Cannot extract image from pptx, docx
go-fitz version: v1.24.15
file:
Code
package main
import (
"fmt"
"image/jpeg"
"os"
"github.com/gen2brain/go-fitz"
)
func main() {
doc, err := fitz.New("example.docx")
if err != nil {
panic(err)
}
defer doc.Close()
// Extract pages as images
img, err := doc.Image(0)
if err != nil {
panic(err)
}
f, err := os.Create("example.jpg")
if err != nil {
panic(err)
}
err = jpeg.Encode(f, img, &jpeg.Options{jpeg.DefaultQuality})
if err != nil {
panic(err)
}
f.Close()
}
Stdout output:
warning: dropping unclosed output
The output image will be a blank jpg: example.jpg
I misunderstood; I thought go-fitz could extract images from a document. Close it.

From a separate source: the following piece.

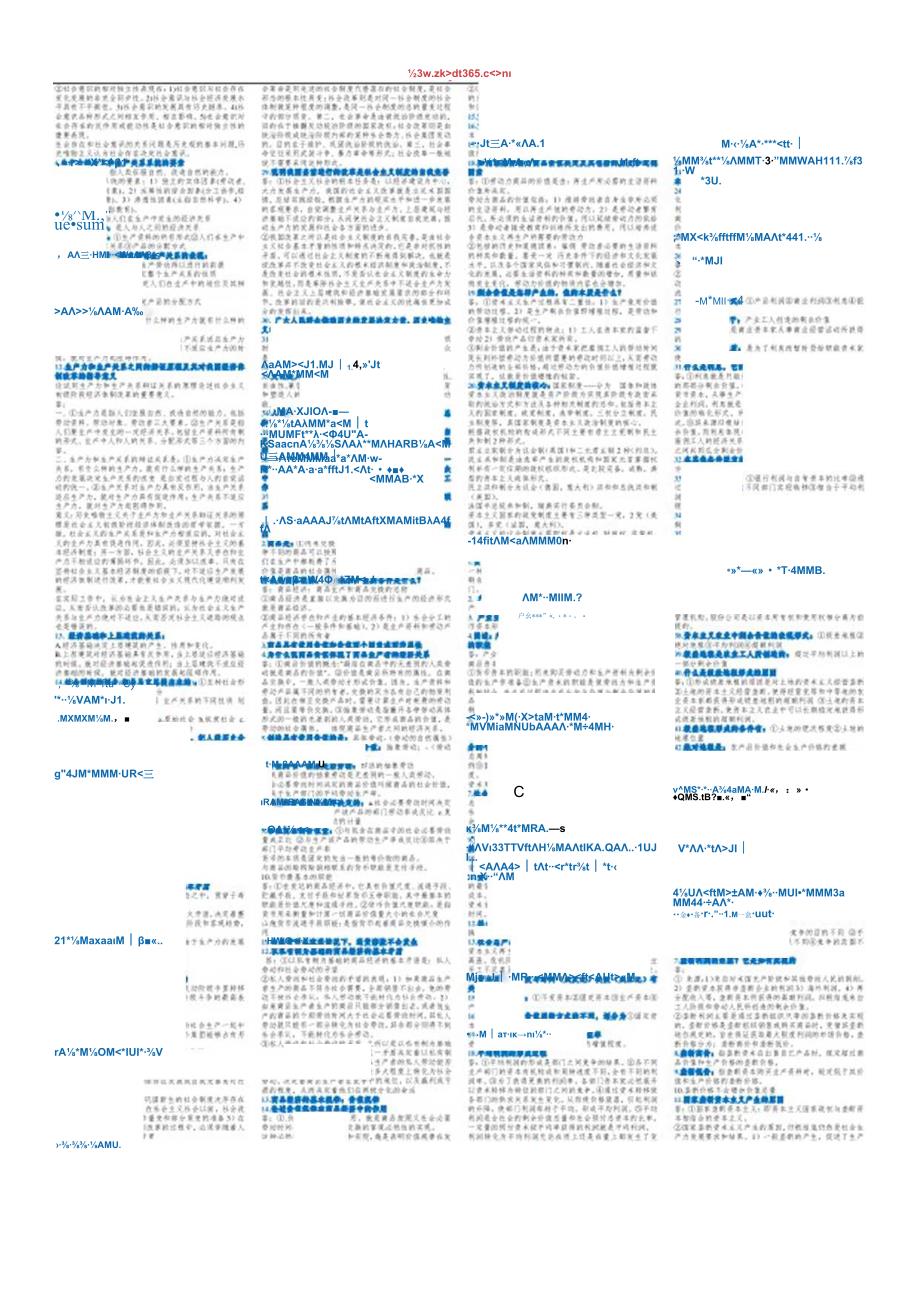 3.马克思主义基本原理概论 小抄.docx_第2页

@amikai Yes, that is precisely what is possible; it's stated in the README. For broken files, you probably need a later version (I recall a changelog mentioning this).
@gen2brain Do you mean I can extract images from .docx, .xlsx, and .pptx files using go-fitz? In my case, I created the file using Microsoft Word on a Mac. I just want to understand why these files are broken.
Yes, you do not extract embedded images if that is what you think. It will render the documents, and you can export page by page as an image. I have no idea why or what is broken; this is a wrapper for MuPDF, and I don't know the internals. It may have already been solved, and you can try using an external library (with a newer version). Anyway, the fix will not happen in this repo, I update bundled libraries from time to time.